A Londra, duecento persone hanno manifestato ieri davanti al parlamento, quaranta delle quali lavorano nei ristoranti Mc Donald’s di Cambridge e Crayford, a sud est di Londra. Con loro c’era anche il cancelliere dello scacchiere ombra, il laburista John McDonnell che ha definito la protesta inglese e globale: «Questi lavoratori sono estremamente vulnerabili – ha detto – Ma hanno il coraggio di fare sciopero». La mobilitazione ha ricevuto anche l’appoggio del leader del partito Laburista Jeremy Corbyn: «Chiedono l’abolizione dei contratti a zero ore entro la fine dell’anno, il riconoscimento del sindacato e un salario minimo da 10 sterline» ha detto.

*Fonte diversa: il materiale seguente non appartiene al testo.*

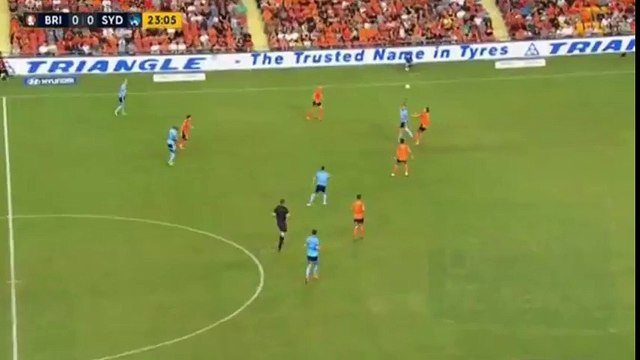 Filip Holosko Goal ● Brisbane Roar FC vs Sydney FC ● Australian A-League 26_03_2016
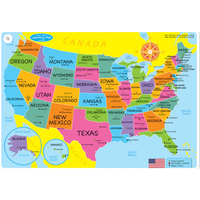 Learning Mat - US Map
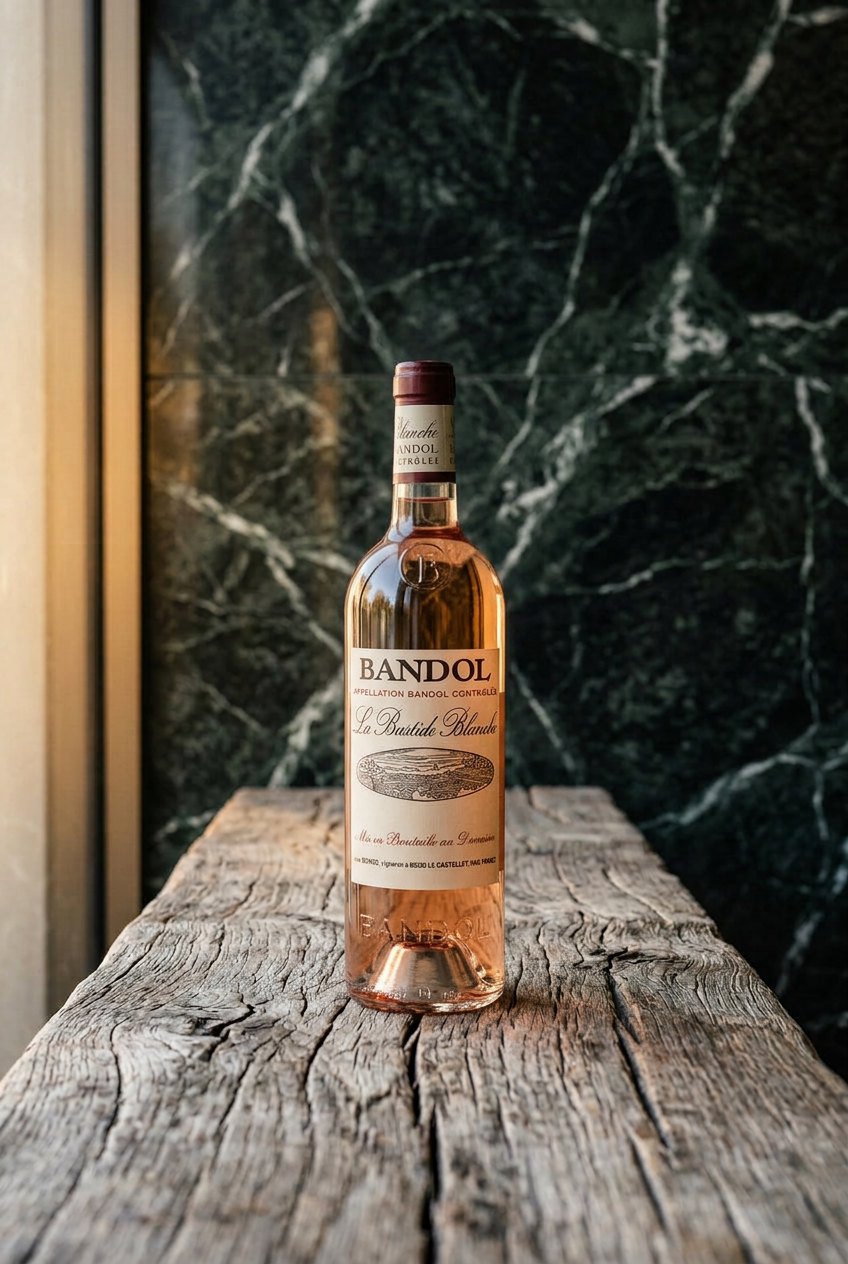 2024 Domaine La Bastide Blanche Bandol Rosé, Provence, France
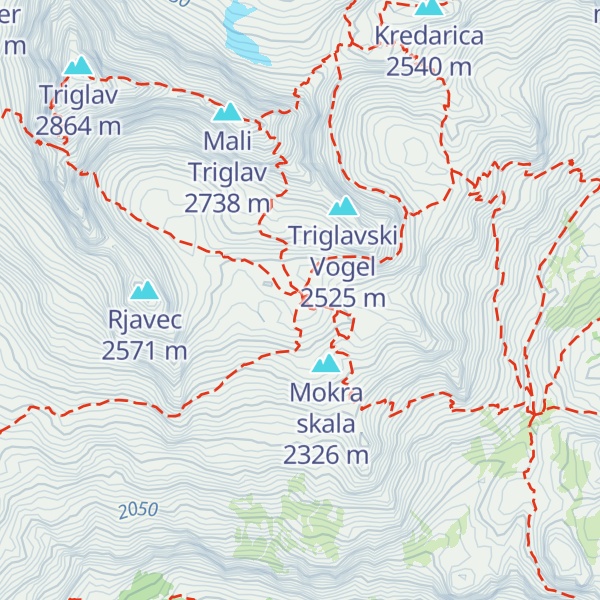 Map of Dom Planika pod Triglavom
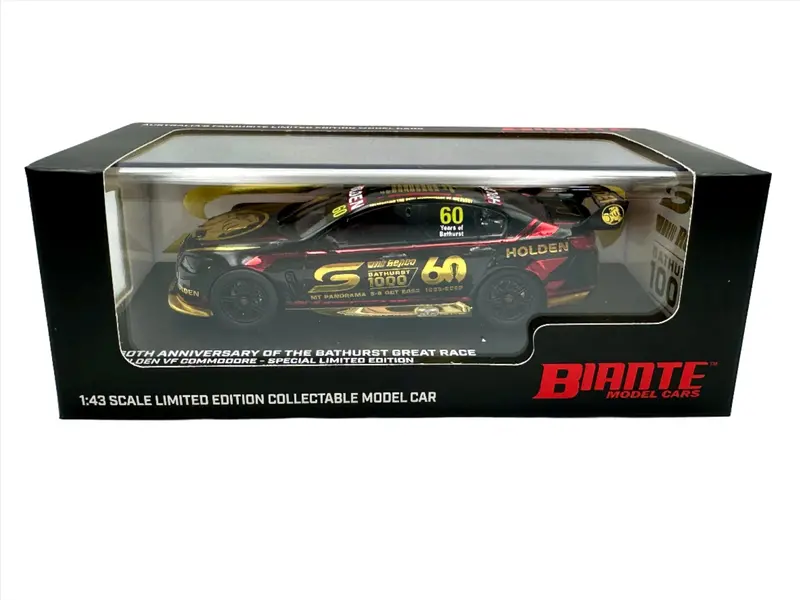 1:43 Holden Vf Commodore - Bathurst 60Th Anniversary Celebration Livery - Biante 1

L’azienda ha risposto che i manifestanti rappresentano lo 0,01% degli occupati in Gran Bretagna e ha ricordato che nell’aprile scorso è stata presentata una proposta ai lavoratori: scegliere tra un contratto flessibile e uno «fisso» con un numero minimo di ore garantite. Mc Donald’s sostiene che l’86% della forza lavoro ha scelto di restare con il contratto flessibile. «La migliore sicurezza per i lavoratori – ha risposto McDonnell – è il riconoscimento dei sindacati in modo tale che le vertenze possano essere risolte e negoziate senza arrivare allo sciopero». Ian Hodson, segretario nazionale del sindacato Bakers and Allied Food Workers Union (Bfawu) ha detto che Mc Donald’s ha iniziato a offrire ai lavoratori contratti più garantiti da due settimane, probabilmente anche grazie alla mobilitazione in corso. «Mc Donald’s – ha aggiunto Hodson – ha infinite opportunità per risolvere queste vertenze offrendo una paga dignitosa. Da troppo tempo i lavoratori lamebntano condizioni da fame, tagli drastici all’orario di lavoro e anche il mobbing sul posto di lavoro come punizione per l’iscrizione al sindacato».